__INSTRUCTIONS TO FOLLOW__. Write out each entry once more so that it matches the original exactly.

__SOURCE RECORDS__.
________________________

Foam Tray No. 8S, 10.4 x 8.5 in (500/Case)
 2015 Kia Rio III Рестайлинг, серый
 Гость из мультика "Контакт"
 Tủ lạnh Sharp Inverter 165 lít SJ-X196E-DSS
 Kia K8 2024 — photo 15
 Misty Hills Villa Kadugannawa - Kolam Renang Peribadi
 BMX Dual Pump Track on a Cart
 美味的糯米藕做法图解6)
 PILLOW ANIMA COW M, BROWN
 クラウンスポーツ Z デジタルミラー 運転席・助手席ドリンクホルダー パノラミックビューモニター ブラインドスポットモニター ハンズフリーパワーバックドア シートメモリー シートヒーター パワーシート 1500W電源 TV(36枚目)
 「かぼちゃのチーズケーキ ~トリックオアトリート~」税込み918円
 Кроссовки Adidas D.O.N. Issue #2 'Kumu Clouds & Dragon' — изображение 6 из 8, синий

________________________

__SOLUTION TO THIS TASK__.
Foam Tray No. 8S, 10.4 x 8.5 in (500/Case)
 2015 Kia Rio III Рестайлинг, серый
 Гость из мультика "Контакт"
 Tủ lạnh Sharp Inverter 165 lít SJ-X196E-DSS
 Kia K8 2024 — photo 15
 Misty Hills Villa Kadugannawa - Kolam Renang Peribadi
 BMX Dual Pump Track on a Cart
 美味的糯米藕做法图解6)
 PILLOW ANIMA COW M, BROWN
 クラウンスポーツ Z デジタルミラー 運転席・助手席ドリンクホルダー パノラミックビューモニター ブラインドスポットモニター ハンズフリーパワーバックドア シートメモリー シートヒーター パワーシート 1500W電源 TV(36枚目)
 「かぼちゃのチーズケーキ ~トリックオアトリート~」税込み918円
 Кроссовки Adidas D.O.N. Issue #2 'Kumu Clouds & Dragon' — изображение 6 из 8, синий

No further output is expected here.